So the pair watched “Monty Python and the Holy Grail” alone. They later realized that the film was one of the few movies that Cook, an anime aficionado, and Stuntz, an aspiring screeenwriter and Quentin Tarantino admirer, could both appreciate.
Cook and Stuntz began to date shortly thereafter, in February of their freshman year. They grew close after discovering that they shared a favorite childhood radio program, “Adventures in Odyssey.” “Sam went to Radio Shack to purchase a tape player to listen to old cassettes of the show,” Cook said. “I knew then he must like me.”
Friend Moonlit M. Wang ’10 characterized Cook and Stuntz as the ideal couple. “When we play Cranium, we always separate them into different groups because when they are in the same group, they get each other as if they have telepathic powers,” she said.
Though they had broached the subject of marriage earlier in their relationship, it was not until the beginning of their senior year that Stuntz proposed.
“It wasn’t out of the blue, but I had to wait until she finished the GREs,” Stuntz said. “I waited until the day after.”
Stuntz created a list of reasons why he wanted to marry Cook—one reason for each month that they had been dating, as the couple celebrates each “monthiversary.” After reading reason number three, Stuntz asked Cook to marry him. She said “yes,” and then waited a few days before telling Stuntz that he had miscounted the number of months they had been together.
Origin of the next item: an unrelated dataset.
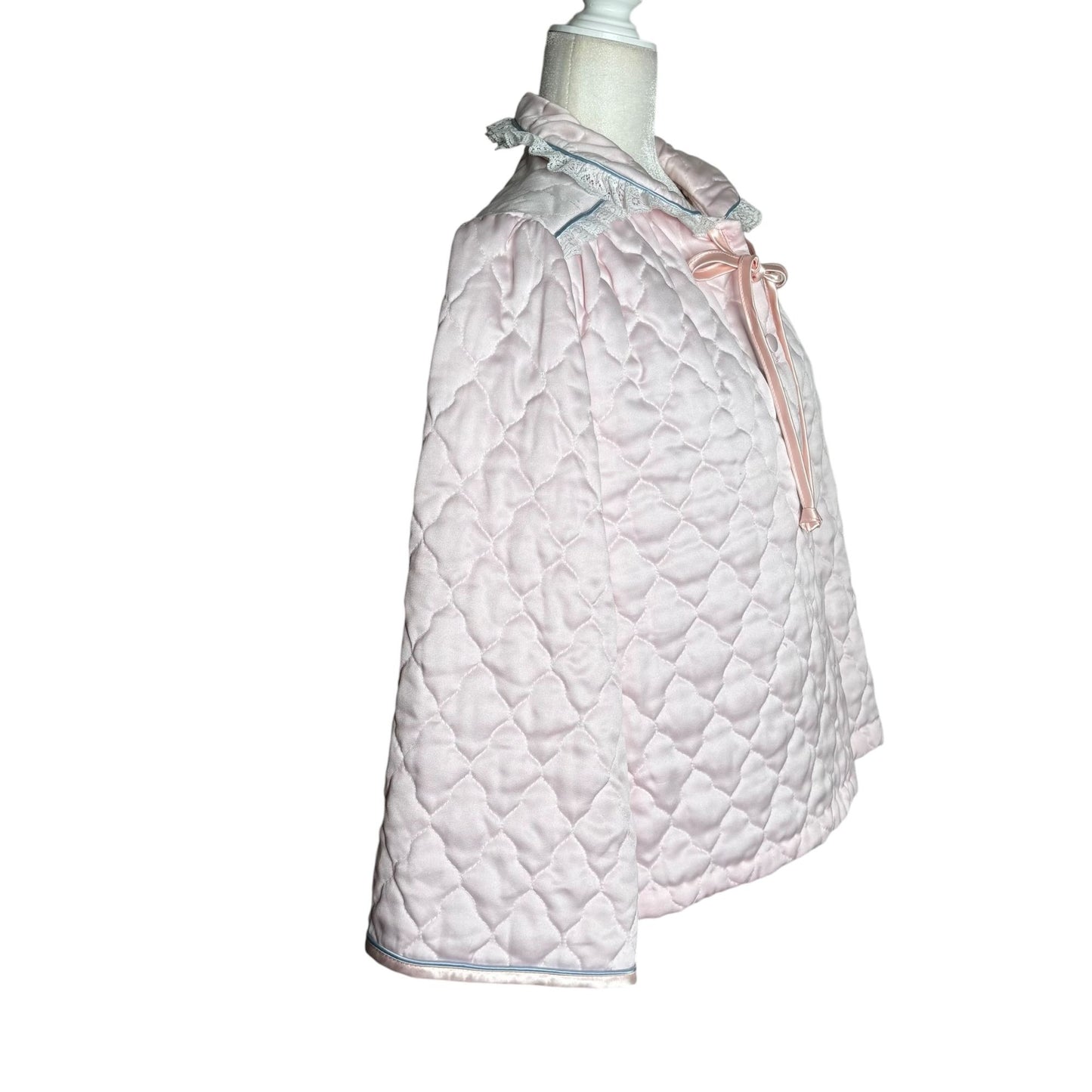 Vintage 80s Appel Quilted Bed Jacket Large Light Pink Lace Polyester Buttons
“I do think they are a perfect match, because Liz is a very strong woman, and he lets her be that,” said Cook’s sister, Catherine D. Cook ’12. “Instead of her taking his last name, they are both changing their last names.”
The couple will be married at Christ the King Church in Central Square on May 30. After their wedding, they will serve as proctors for the Harvard Summer School until Cook, an applied math concentrator, starts the Business Economics Ph.D. program at Harvard Business School in the fall.
“We joke that we’re getting married and then adopting twenty high school-aged kids,” Cook said. “But we figured this would be easier than finding an apartment on top of thesis, grad school, and marriage.”